最近、急速に、「将棋」への興味が無くなってしまった。

昔は、プロ棋士の指す将棋が好きで、対局や棋譜など、熱中して見ていたのですが、すっかりと、見なくなってしまった。

 

理由としては、まず、「藤井聡太さんが、強すぎる」ということ。

拮抗する実力を持つ「ライバル」が居ないので、タイトル戦を見ていても、「どちらが勝って、タイトルを取るのか」という緊張感が無いので、見ていても、つまらない。

 

二つ目の理由は「似たような将棋が増えた」ということ。

特に、序盤から、中盤手前くらいまでは、同じような展開の将棋が増えた気がする。

これは、ほぼ、全ての棋士が「AI」を使って、研究をしているからでしょう。

コンピューターが、人間のプロ棋士よりも、圧倒的に強くなり、無限の手が広がり、人間の思考では研究が難しかった序盤から中盤にかけての手も、「AI」が、的確に、答えを出してくれる。

どうも、事前の「研究成果」の発表を見ているだけのような気がして、つまらない。

 

三つ目は「振り飛車の将棋が減った」ということ。

個人的に、大好きな「振り飛車」戦法。

しかし、今では「AI」が、「振り飛車の将棋は、不利だ」と判断をしているので、プロ棋士でも、この「振り飛車」を指す人が、減ってしまった。

今、プロ棋士の中で、この「振り飛車」を指す人は、ごく限られた人だけ。

これでは、見ていても、つまらない。

 

僕が、将棋を、熱中して見るようになったきっかけは、やはり「羽生善治」という「天才」が登場したこと。

そして、この羽生さんと同世代のプロ棋士の人たちは、軒並み、強かった。

彼らは「羽生世代」と呼ばれて、羽生さんを中心に、熾烈なタイトル争いを続けた。

まさに、「天才・羽生善治」と、互角の勝負をすることが出来た「羽生世代」の人たちのタイトル戦には、どちらが勝つのか分からない「緊張感」が、常に、あった。

 

しかも、この「羽生世代」の特異な点は、彼らが、約20年にも渡って、将棋界のトップレベルに居たこと。

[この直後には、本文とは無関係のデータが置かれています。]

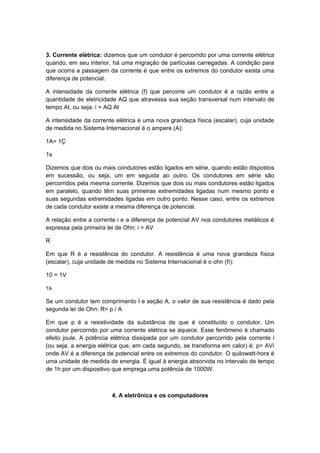 3. Corrente elétrica: dizemos que um condutor é percorrido por uma corrente elétrica
quando, em seu interior, há uma migração de partículas carregadas. A condição para
que ocorra a passagem da corrente é que entre os extremos do condutor exista uma
diferença de potencial.
A intensidade da corrente elétrica (f) que percorre um condutor é a razão entre a
quantidade de eletricidade AQ que atravessa sua seção transversal num intervalo de
tempo At, ou seja: i = AQ At
A intensidade da corrente elétrica é uma nova grandeza física (escalar), cuja unidade
de medida no Sistema Internacional é o ampere (A):
1A= 1Ç
1s
Dizemos que dois ou mais condutores estão ligados em série, quando estão dispostos
em sucessão, ou seja, um em seguida ao outro. Os condutores em série são
percorridos pela mesma corrente. Dizemos que dois ou mais condutores estão ligados
em paralelo, quando têm suas primeiras extremidades ligadas num mesmo ponto e
suas segundas extremidades ligadas em outro ponto. Nesse caso, entre os extremos
de cada condutor existe a mesma diferença de potencial.
A relação entre a corrente i e a diferença de potencial AV nos condutores metálicos é
expressa pela primeira lei de Ohn: i = AV
R
Em que R é a resistência do condutor. A resistência é uma nova grandeza física
(escalar), cuja unidade de medida no Sistema Internacional é o ohn (fí):
10 = 1V
TA
Se um condutor tem comprimento l e seção A, o valor de sua resistência é dado pela
segunda lei de Ohn: R= p / A
Em que p é a resistividade da substância de que é constituído o condutor. Um
condutor percorrido por uma corrente elétrica se aquece. Esse fenômeno é chamado
efeito joule. A potência elétrica dissipada por um condutor percorrido pela corrente i
(ou seja, a energia elétrica que, em cada segundo, se transforma em calor) é: p= AVi
onde AV é a diferença de potencial entre os extremos do condutor. O quilowatt-hora é
uma unidade de medida de energia. É igual à energia absorvida no intervalo de tempo
de 1h por um dispositivo que emprega uma potência de 1000W.
4. A eletrônica e os computadores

これは、将棋の歴史の中でも、希有なことだそうですね。

これほど長く「羽生世代」が、将棋界に君臨出来たのは、なぜなのか。

そして、この「羽生世代」の当事者たちが、何を考え、そして、彼らに対峙した他のプロ棋士たちが、「羽生世代」を、どう思っていたのか。

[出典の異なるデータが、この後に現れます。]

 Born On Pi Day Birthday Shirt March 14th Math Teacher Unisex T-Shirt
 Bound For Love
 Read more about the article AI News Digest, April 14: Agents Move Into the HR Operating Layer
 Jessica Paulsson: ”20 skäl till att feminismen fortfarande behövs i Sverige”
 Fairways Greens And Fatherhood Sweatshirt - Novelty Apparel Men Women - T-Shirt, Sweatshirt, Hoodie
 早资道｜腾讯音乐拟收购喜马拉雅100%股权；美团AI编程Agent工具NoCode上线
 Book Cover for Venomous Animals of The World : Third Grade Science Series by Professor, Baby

それを、インタビューして、まとめたのが、この本です。

 

 

やはり、「羽生世代」の人たちにとっても、「羽生善治」という人は、別格だったようですね。

自分たちと、羽生さんは、レベルが違って、ひとまとめには出来ないという意識を持っていたよう。

しかし、「羽生世代」の人たちは、羽生さんに、果敢に立ち向かい、時には、羽生さんから、タイトルを奪取した訳で、当時の興奮と緊張感は、よく覚えている。

 

個人的に、特に、強く、印象に残っているのは、羽生さんが、当時、「七冠制覇」が成るかどうかという王将戦。

対戦相手は、谷川浩司王将。

激戦の末、谷川王将が、羽生さんの「七冠制覇」を阻止した。

これで、羽生さんの「七冠制覇」も無理かと思われたのですが、羽生さんが、他の六冠を、全て防衛して、再び、谷川王将に挑戦。

翌年、ついに「七冠制覇」が実現したんですよね。

 

そして、もう一つは、藤井猛竜王が、挑戦者の羽生さんを退けて、竜王のタイトルを三連覇したタイトル戦。

この藤井猛さんは「藤井システム」という画期的な戦法を生み出し、大活躍をしていた。

この「藤井システム」は、当時、将棋界を席巻し、大ブームになったんですよね。

この「藤井システム」に、羽生さんが、どのような戦いを挑むのか。

当時、緊張感を持ちながら、リアルタイムで、衛星放送で、鑑賞していました。

まさに、激闘といった将棋だった。

 

もはや、この「藤井システム」のような、独創的な戦法は、生まれることはないでしょう。

「AI」の登場は、個人的には、あまり、良いことではなかったと思っている。